▶ **Work task**
Lower down are entries containing pictures. Copy exactly, without those pictures, the lines from the line with "Astronomy Telescope Space" through the line with "bathroom featuring tile".

-------- Provided records --------

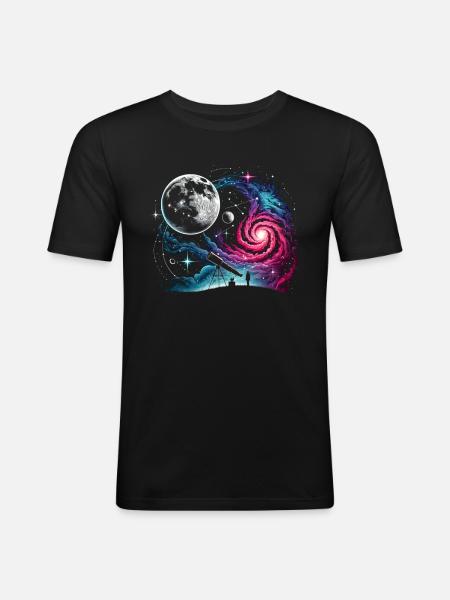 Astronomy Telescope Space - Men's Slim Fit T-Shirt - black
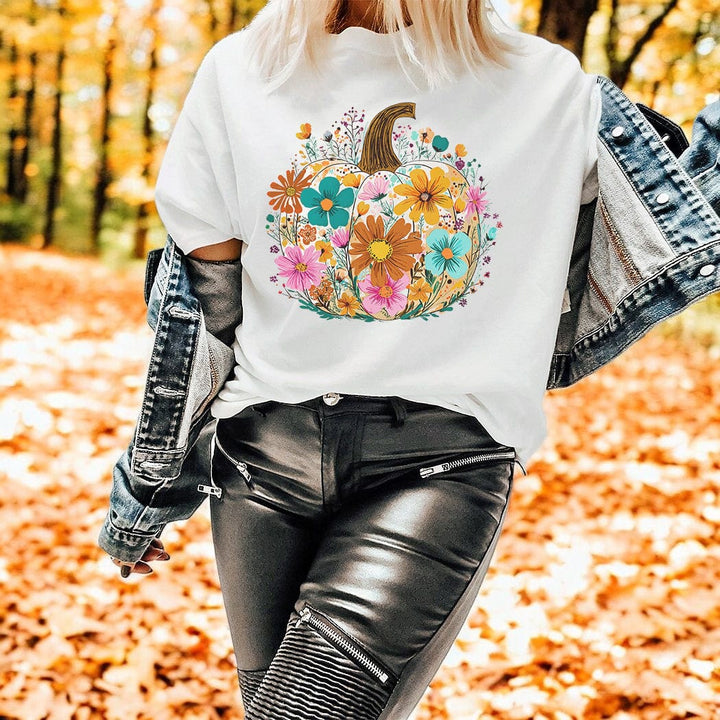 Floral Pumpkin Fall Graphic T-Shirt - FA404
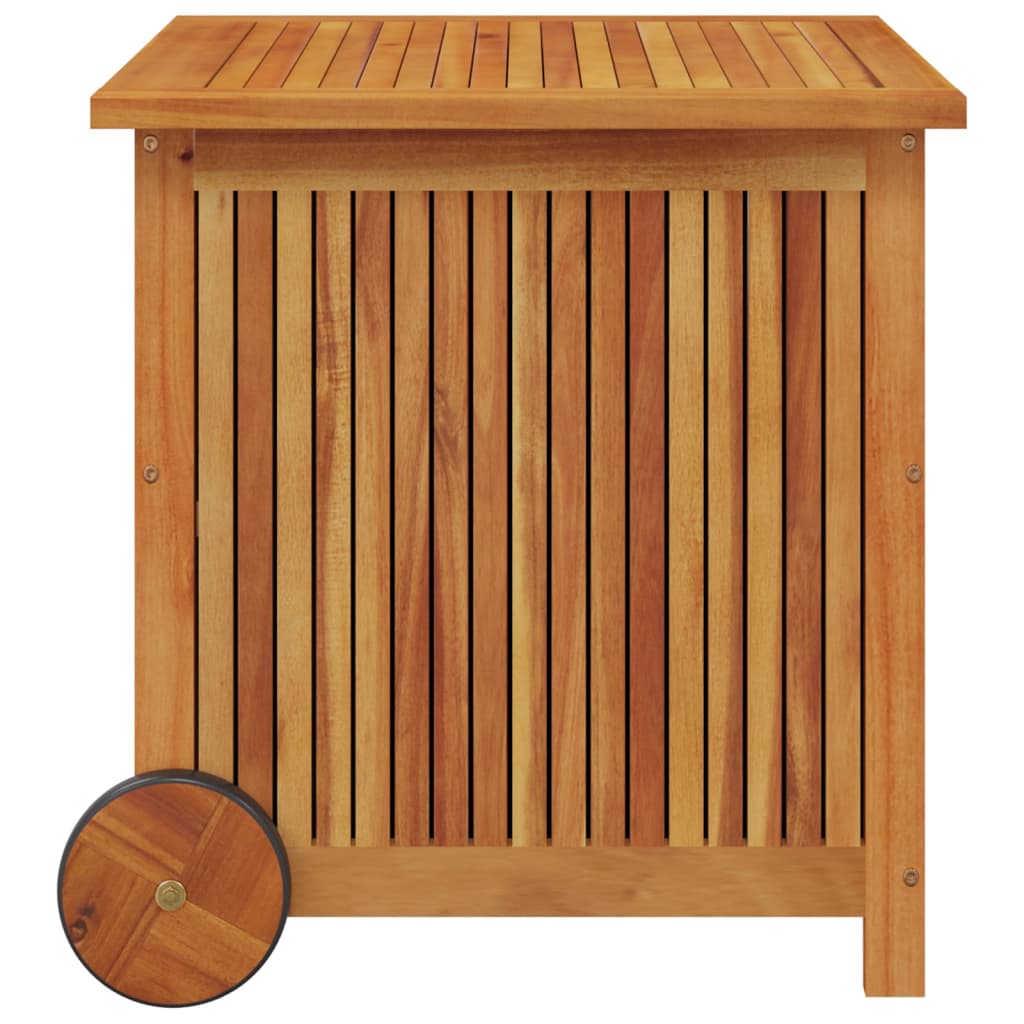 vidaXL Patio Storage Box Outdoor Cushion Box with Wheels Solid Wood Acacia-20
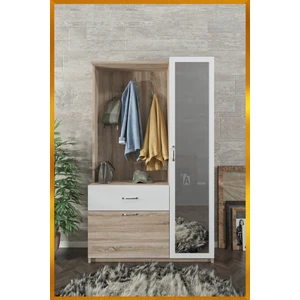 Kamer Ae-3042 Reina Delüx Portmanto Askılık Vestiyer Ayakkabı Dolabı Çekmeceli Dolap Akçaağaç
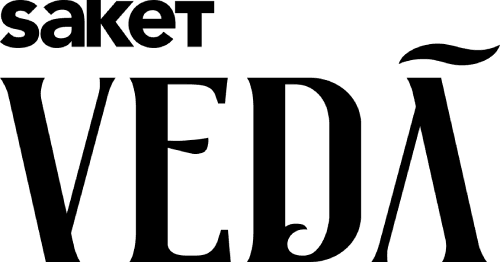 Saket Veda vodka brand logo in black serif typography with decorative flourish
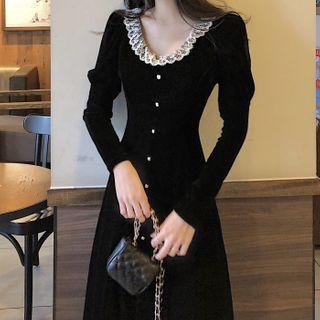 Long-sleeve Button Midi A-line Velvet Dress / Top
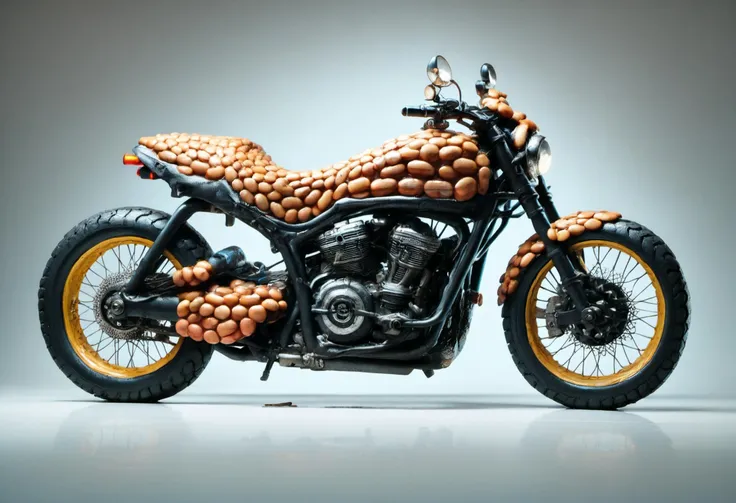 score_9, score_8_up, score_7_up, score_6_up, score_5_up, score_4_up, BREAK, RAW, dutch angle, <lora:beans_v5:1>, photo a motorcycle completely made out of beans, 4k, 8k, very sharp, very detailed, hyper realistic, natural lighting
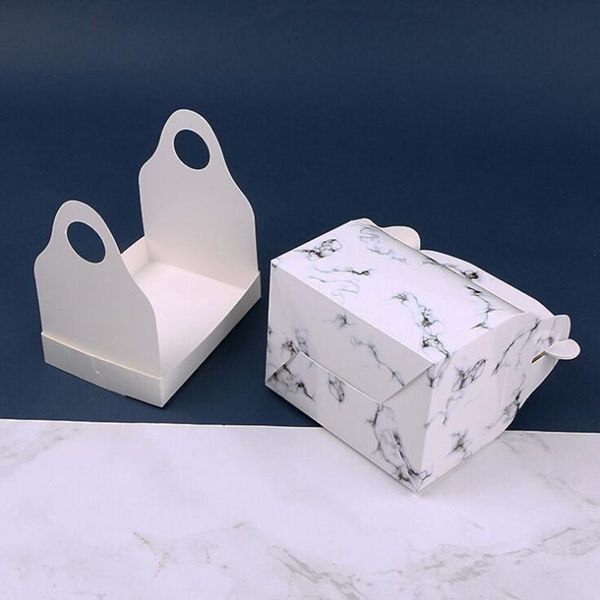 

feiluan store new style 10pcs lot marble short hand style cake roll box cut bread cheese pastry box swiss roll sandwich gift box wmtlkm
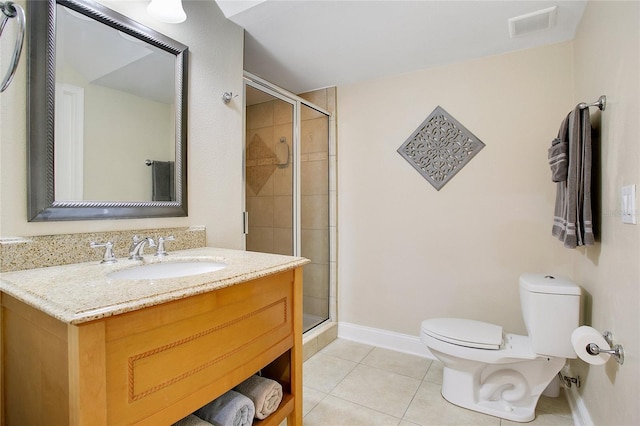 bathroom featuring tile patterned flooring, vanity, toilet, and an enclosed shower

--------
-------- Provided records --------

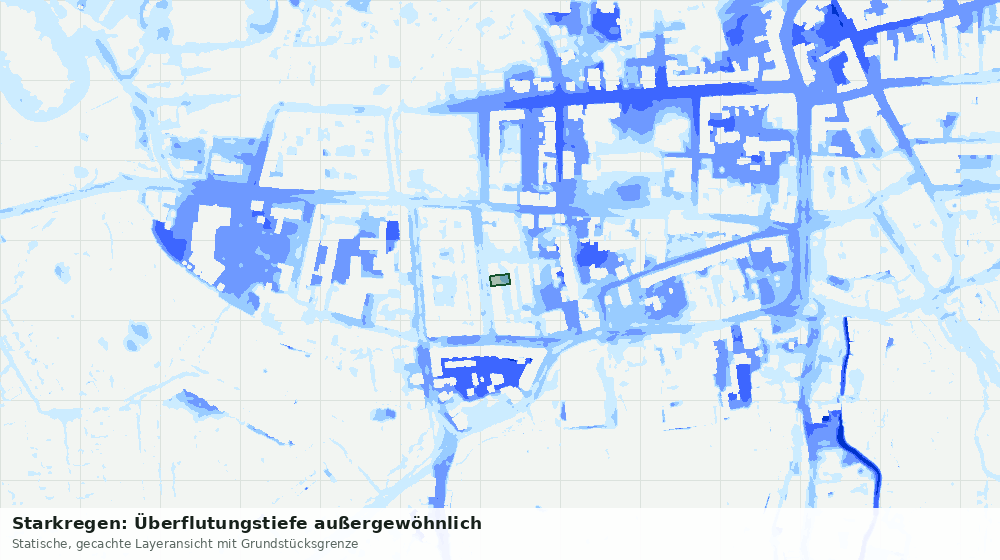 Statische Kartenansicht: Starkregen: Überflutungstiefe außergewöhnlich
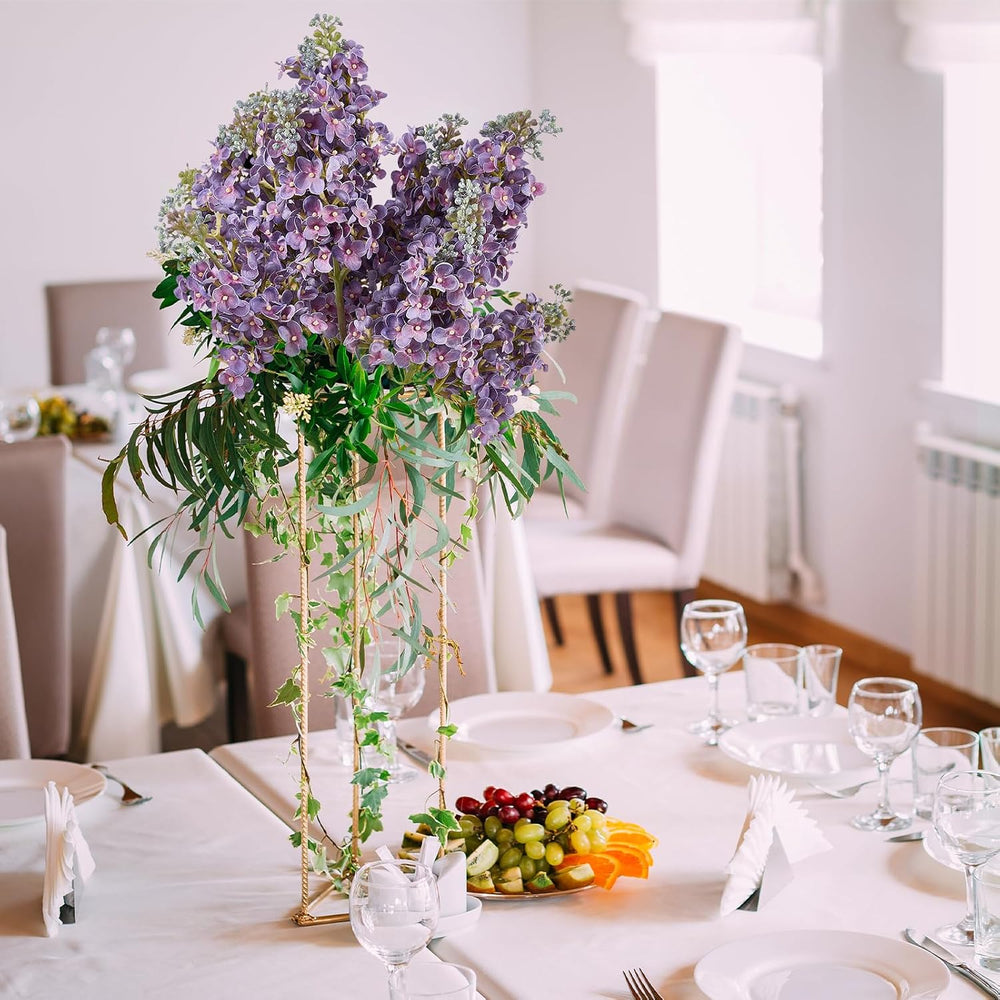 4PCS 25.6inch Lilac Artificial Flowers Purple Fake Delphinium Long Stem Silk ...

--------
-------- Provided records --------

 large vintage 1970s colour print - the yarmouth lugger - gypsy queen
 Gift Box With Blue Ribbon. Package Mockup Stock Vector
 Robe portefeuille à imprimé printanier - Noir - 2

--------

▶ **The completed task**
 Astronomy Telescope Space - Men's Slim Fit T-Shirt - black
 Floral Pumpkin Fall Graphic T-Shirt - FA404
 vidaXL Patio Storage Box Outdoor Cushion Box with Wheels Solid Wood Acacia-20
 Kamer Ae-3042 Reina Delüx Portmanto Askılık Vestiyer Ayakkabı Dolabı Çekmeceli Dolap Akçaağaç
 Saket Veda vodka brand logo in black serif typography with decorative flourish
 Long-sleeve Button Midi A-line Velvet Dress / Top
 score_9, score_8_up, score_7_up, score_6_up, score_5_up, score_4_up, BREAK, RAW, dutch angle, <lora:beans_v5:1>, photo a motorcycle completely made out of beans, 4k, 8k, very sharp, very detailed, hyper realistic, natural lighting

feiluan store new style 10pcs lot marble short hand style cake roll box cut bread cheese pastry box swiss roll sandwich gift box wmtlkm
 bathroom featuring tile patterned flooring, vanity, toilet, and an enclosed shower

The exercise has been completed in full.